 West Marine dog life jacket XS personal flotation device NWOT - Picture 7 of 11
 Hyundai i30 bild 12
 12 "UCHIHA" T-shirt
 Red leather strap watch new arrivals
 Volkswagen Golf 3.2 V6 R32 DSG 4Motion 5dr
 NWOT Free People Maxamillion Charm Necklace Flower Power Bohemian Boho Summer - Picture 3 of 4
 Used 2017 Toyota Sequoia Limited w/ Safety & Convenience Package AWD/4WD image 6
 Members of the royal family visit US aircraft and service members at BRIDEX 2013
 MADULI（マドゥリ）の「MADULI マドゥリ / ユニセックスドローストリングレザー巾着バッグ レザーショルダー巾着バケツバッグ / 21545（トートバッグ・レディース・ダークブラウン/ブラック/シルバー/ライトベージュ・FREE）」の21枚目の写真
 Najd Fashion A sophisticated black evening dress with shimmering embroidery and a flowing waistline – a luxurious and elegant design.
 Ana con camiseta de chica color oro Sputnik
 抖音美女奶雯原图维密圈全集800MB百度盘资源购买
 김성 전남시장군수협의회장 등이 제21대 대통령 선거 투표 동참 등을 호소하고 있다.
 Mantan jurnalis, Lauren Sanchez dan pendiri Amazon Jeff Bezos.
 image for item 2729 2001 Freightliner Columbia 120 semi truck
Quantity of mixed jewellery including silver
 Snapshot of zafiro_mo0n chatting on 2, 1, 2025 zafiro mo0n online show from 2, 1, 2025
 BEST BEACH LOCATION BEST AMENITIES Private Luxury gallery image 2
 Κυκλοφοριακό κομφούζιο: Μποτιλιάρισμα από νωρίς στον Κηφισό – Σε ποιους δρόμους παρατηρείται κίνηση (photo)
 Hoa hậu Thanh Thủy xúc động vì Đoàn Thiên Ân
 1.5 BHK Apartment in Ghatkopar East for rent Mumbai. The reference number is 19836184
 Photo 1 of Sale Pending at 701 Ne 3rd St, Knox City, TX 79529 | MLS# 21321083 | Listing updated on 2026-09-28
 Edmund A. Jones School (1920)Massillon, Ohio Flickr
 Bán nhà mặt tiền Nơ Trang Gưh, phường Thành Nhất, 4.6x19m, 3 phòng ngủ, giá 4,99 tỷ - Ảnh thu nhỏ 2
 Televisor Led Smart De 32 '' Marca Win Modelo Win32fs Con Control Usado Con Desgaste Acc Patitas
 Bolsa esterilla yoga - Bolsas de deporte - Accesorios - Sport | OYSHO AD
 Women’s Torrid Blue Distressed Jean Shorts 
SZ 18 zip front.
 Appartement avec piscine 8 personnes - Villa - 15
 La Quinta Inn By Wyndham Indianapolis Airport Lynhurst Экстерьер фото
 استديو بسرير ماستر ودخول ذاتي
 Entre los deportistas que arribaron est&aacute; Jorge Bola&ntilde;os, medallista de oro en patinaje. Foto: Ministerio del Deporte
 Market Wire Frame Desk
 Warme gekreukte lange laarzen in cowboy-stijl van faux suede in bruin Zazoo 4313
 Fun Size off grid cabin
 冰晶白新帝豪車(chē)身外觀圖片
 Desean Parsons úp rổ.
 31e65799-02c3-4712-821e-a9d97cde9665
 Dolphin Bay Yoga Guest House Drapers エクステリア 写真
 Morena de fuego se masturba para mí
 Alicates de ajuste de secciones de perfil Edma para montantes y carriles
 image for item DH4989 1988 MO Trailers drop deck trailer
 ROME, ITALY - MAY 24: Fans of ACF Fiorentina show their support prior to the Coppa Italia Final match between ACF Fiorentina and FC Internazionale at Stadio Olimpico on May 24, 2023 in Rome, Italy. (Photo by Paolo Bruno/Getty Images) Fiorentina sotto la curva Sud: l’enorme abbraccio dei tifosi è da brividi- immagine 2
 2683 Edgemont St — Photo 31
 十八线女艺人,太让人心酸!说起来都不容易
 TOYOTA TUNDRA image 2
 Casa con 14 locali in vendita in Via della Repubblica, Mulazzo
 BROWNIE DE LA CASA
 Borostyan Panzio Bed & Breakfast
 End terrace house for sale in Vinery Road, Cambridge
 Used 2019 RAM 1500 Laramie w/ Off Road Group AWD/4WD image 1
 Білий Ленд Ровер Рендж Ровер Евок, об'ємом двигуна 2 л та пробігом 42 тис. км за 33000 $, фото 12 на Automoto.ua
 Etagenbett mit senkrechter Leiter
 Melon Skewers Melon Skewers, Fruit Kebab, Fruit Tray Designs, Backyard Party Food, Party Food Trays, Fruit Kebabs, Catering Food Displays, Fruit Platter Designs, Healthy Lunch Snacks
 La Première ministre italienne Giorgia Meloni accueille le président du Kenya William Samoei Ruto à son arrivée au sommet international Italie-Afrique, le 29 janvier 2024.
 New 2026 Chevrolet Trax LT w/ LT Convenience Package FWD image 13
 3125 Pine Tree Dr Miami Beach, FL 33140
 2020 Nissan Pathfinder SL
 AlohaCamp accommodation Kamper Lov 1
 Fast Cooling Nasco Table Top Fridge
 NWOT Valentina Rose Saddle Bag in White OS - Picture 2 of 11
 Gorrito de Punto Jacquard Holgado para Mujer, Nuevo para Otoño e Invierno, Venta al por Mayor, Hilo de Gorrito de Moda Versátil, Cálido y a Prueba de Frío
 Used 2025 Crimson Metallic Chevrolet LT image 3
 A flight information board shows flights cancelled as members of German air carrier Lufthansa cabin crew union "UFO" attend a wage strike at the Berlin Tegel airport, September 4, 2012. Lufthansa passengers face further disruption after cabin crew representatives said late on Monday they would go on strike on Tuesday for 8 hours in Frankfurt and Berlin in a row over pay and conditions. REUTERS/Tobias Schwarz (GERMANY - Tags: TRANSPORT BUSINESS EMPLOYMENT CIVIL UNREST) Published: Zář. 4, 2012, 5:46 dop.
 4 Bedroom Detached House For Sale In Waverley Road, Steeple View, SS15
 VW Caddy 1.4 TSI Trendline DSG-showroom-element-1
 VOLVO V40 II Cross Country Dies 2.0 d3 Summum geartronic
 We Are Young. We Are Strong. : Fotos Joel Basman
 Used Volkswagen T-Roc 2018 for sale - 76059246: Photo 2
------------------------------------
(Your task) Print the material in full, exactly as written.

(Output for this task)
 West Marine dog life jacket XS personal flotation device NWOT - Picture 7 of 11
 Hyundai i30 bild 12
 12 "UCHIHA" T-shirt
 Red leather strap watch new arrivals
 Volkswagen Golf 3.2 V6 R32 DSG 4Motion 5dr
 NWOT Free People Maxamillion Charm Necklace Flower Power Bohemian Boho Summer - Picture 3 of 4
 Used 2017 Toyota Sequoia Limited w/ Safety & Convenience Package AWD/4WD image 6
 Members of the royal family visit US aircraft and service members at BRIDEX 2013
 MADULI（マドゥリ）の「MADULI マドゥリ / ユニセックスドローストリングレザー巾着バッグ レザーショルダー巾着バケツバッグ / 21545（トートバッグ・レディース・ダークブラウン/ブラック/シルバー/ライトベージュ・FREE）」の21枚目の写真
 Najd Fashion A sophisticated black evening dress with shimmering embroidery and a flowing waistline – a luxurious and elegant design.
 Ana con camiseta de chica color oro Sputnik
 抖音美女奶雯原图维密圈全集800MB百度盘资源购买
 김성 전남시장군수협의회장 등이 제21대 대통령 선거 투표 동참 등을 호소하고 있다.
 Mantan jurnalis, Lauren Sanchez dan pendiri Amazon Jeff Bezos.
 image for item 2729 2001 Freightliner Columbia 120 semi truck
Quantity of mixed jewellery including silver
 Snapshot of zafiro_mo0n chatting on 2, 1, 2025 zafiro mo0n online show from 2, 1, 2025
 BEST BEACH LOCATION BEST AMENITIES Private Luxury gallery image 2
 Κυκλοφοριακό κομφούζιο: Μποτιλιάρισμα από νωρίς στον Κηφισό – Σε ποιους δρόμους παρατηρείται κίνηση (photo)
 Hoa hậu Thanh Thủy xúc động vì Đoàn Thiên Ân
 1.5 BHK Apartment in Ghatkopar East for rent Mumbai. The reference number is 19836184
 Photo 1 of Sale Pending at 701 Ne 3rd St, Knox City, TX 79529 | MLS# 21321083 | Listing updated on 2026-09-28
 Edmund A. Jones School (1920)Massillon, Ohio Flickr
 Bán nhà mặt tiền Nơ Trang Gưh, phường Thành Nhất, 4.6x19m, 3 phòng ngủ, giá 4,99 tỷ - Ảnh thu nhỏ 2
 Televisor Led Smart De 32 '' Marca Win Modelo Win32fs Con Control Usado Con Desgaste Acc Patitas
 Bolsa esterilla yoga - Bolsas de deporte - Accesorios - Sport | OYSHO AD
 Women’s Torrid Blue Distressed Jean Shorts 
SZ 18 zip front.
 Appartement avec piscine 8 personnes - Villa - 15
 La Quinta Inn By Wyndham Indianapolis Airport Lynhurst Экстерьер фото
 استديو بسرير ماستر ودخول ذاتي
 Entre los deportistas que arribaron est&aacute; Jorge Bola&ntilde;os, medallista de oro en patinaje. Foto: Ministerio del Deporte
 Market Wire Frame Desk
 Warme gekreukte lange laarzen in cowboy-stijl van faux suede in bruin Zazoo 4313
 Fun Size off grid cabin
 冰晶白新帝豪車(chē)身外觀圖片
 Desean Parsons úp rổ.
 31e65799-02c3-4712-821e-a9d97cde9665
 Dolphin Bay Yoga Guest House Drapers エクステリア 写真
 Morena de fuego se masturba para mí
 Alicates de ajuste de secciones de perfil Edma para montantes y carriles
 image for item DH4989 1988 MO Trailers drop deck trailer
 ROME, ITALY - MAY 24: Fans of ACF Fiorentina show their support prior to the Coppa Italia Final match between ACF Fiorentina and FC Internazionale at Stadio Olimpico on May 24, 2023 in Rome, Italy. (Photo by Paolo Bruno/Getty Images) Fiorentina sotto la curva Sud: l’enorme abbraccio dei tifosi è da brividi- immagine 2
 2683 Edgemont St — Photo 31
 十八线女艺人,太让人心酸!说起来都不容易
 TOYOTA TUNDRA image 2
 Casa con 14 locali in vendita in Via della Repubblica, Mulazzo
 BROWNIE DE LA CASA
 Borostyan Panzio Bed & Breakfast
 End terrace house for sale in Vinery Road, Cambridge
 Used 2019 RAM 1500 Laramie w/ Off Road Group AWD/4WD image 1
 Білий Ленд Ровер Рендж Ровер Евок, об'ємом двигуна 2 л та пробігом 42 тис. км за 33000 $, фото 12 на Automoto.ua
 Etagenbett mit senkrechter Leiter
 Melon Skewers Melon Skewers, Fruit Kebab, Fruit Tray Designs, Backyard Party Food, Party Food Trays, Fruit Kebabs, Catering Food Displays, Fruit Platter Designs, Healthy Lunch Snacks
 La Première ministre italienne Giorgia Meloni accueille le président du Kenya William Samoei Ruto à son arrivée au sommet international Italie-Afrique, le 29 janvier 2024.
 New 2026 Chevrolet Trax LT w/ LT Convenience Package FWD image 13
 3125 Pine Tree Dr Miami Beach, FL 33140
 2020 Nissan Pathfinder SL
 AlohaCamp accommodation Kamper Lov 1
 Fast Cooling Nasco Table Top Fridge
 NWOT Valentina Rose Saddle Bag in White OS - Picture 2 of 11
 Gorrito de Punto Jacquard Holgado para Mujer, Nuevo para Otoño e Invierno, Venta al por Mayor, Hilo de Gorrito de Moda Versátil, Cálido y a Prueba de Frío
 Used 2025 Crimson Metallic Chevrolet LT image 3
 A flight information board shows flights cancelled as members of German air carrier Lufthansa cabin crew union "UFO" attend a wage strike at the Berlin Tegel airport, September 4, 2012. Lufthansa passengers face further disruption after cabin crew representatives said late on Monday they would go on strike on Tuesday for 8 hours in Frankfurt and Berlin in a row over pay and conditions. REUTERS/Tobias Schwarz (GERMANY - Tags: TRANSPORT BUSINESS EMPLOYMENT CIVIL UNREST) Published: Zář. 4, 2012, 5:46 dop.
 4 Bedroom Detached House For Sale In Waverley Road, Steeple View, SS15
 VW Caddy 1.4 TSI Trendline DSG-showroom-element-1
 VOLVO V40 II Cross Country Dies 2.0 d3 Summum geartronic
 We Are Young. We Are Strong. : Fotos Joel Basman
 Used Volkswagen T-Roc 2018 for sale - 76059246: Photo 2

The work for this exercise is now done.